Landwirtschaft und Ethik:Wenn Hühner zu Kannibalen werden

Hühnerzucht galt lange als Tierquälerei - dann kam der Freiland-Boom. Besuch bei einem Bauern, der den Spagat zwischen Tierschutz und Profitstreben versucht.

K. Fischer

"Wir betreiben hier Freilandhaltung in ganz großem Stil", sagt Gerhard Aigner und öffnet eine weißgetünchte Sperrholzklappe. Der Blick wird frei in eine 4500 Quadratmeter große Halle, in der sich die rund 50.000 Hühner auf ihren Stangen zu stapeln scheinen.

Landwirtschaft und Ethik: Nur im Sommer verlockend: Viele Hühner scheuen bei niedrigen Temperaturen den Gang ins Freie.

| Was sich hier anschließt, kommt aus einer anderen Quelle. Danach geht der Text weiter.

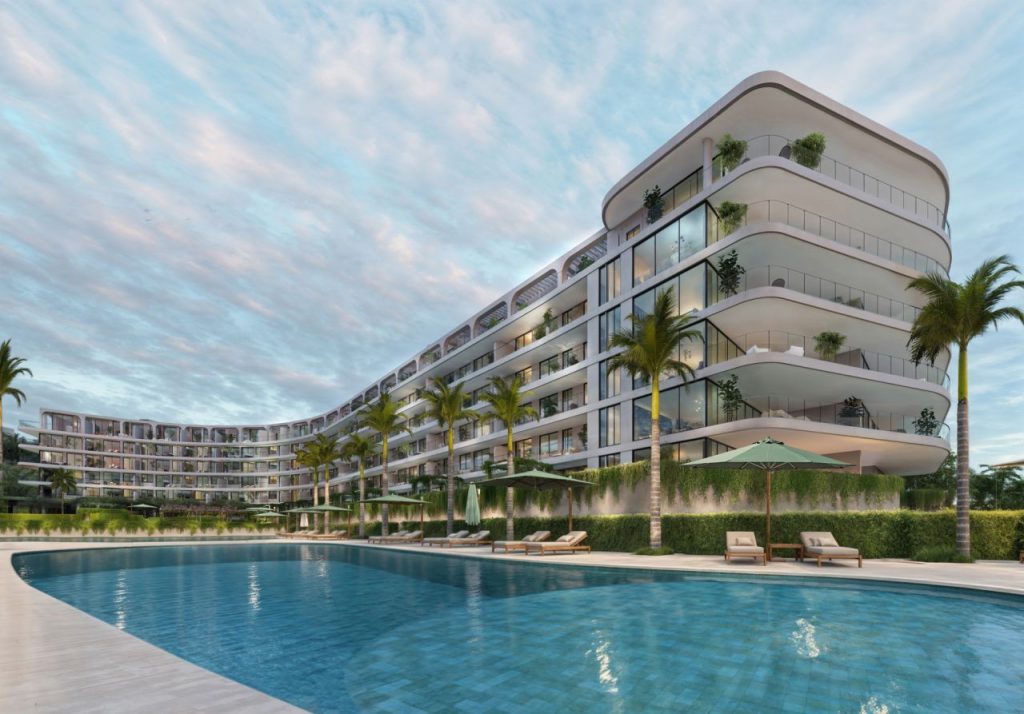 Apartamentos en cartagena Morros vita vista 2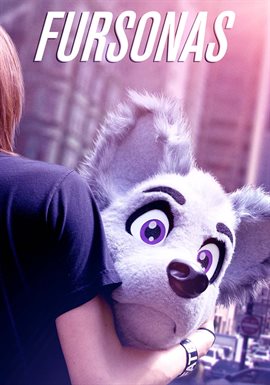 Cover image for Fursonas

Nur im Sommer verlockend: Viele Hühner scheuen bei niedrigen Temperaturen den Gang ins Freie.

(Foto: Foto: ap)

Freilandhaltung stellt sich der Laie anders vor. "Viele Hühner wollen gar nicht nach draußen", sagt Aigner und deutet auf die Außenwand der riesigen Halle: An zwei Seiten sind jeweils fünfzig Luken geöffnet, heraus traut sich kein einziges Huhn. Sicher, bei spätwinterlichen drei Grad und leichtem Schneefall ist es auch nicht unbedingt gemütlich hier im niederbayerischen Thanning. Dennoch: Selbst im Sommer verlässt höchstens die Hälfte der Legehennen den stickigen Stall. Auch wenn die Hühner dort dichtgedrängt auf ihren gesetzlich garantierten fünfzehn Zentimeter Holzstange sitzen, viele ziehen das der frischen Landluft vor. "Es gibt eben Stubenhocker und Abenteurer - auch bei den Hühnern", sagt Aigner schmunzelnd. "Solange sie ihre Eier legen, ist mir das gleich."

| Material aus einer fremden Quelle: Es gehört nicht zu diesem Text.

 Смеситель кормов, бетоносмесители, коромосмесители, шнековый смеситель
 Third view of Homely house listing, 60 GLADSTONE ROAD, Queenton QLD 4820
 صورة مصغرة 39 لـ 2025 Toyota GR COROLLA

Unter Wissenschaftlern gilt Freilandzucht als die artgerechteste Form der Hühnerhaltung. "Es kommt dem natürlichen Lebensumfeld der Tiere am nächsten", erläutert Frigga Wirths, Fachbeauftragte vom deutschen Tierschutzbund. Mit seinen insgesamt 150.000 Freilandhühnern beweist Gerhard Aigner somit eindrucksvoll, dass ethisches Wirtschaften kein Zuschussgeschäft sein muss. Die Hühner legen jeweils 280 Eier im Jahr, insgesamt kommt Aigner somit auf rund 42 Millionen Freilandeier im Jahr. Damit macht er jährlich einen Umsatz von 3,9 Millionen Euro.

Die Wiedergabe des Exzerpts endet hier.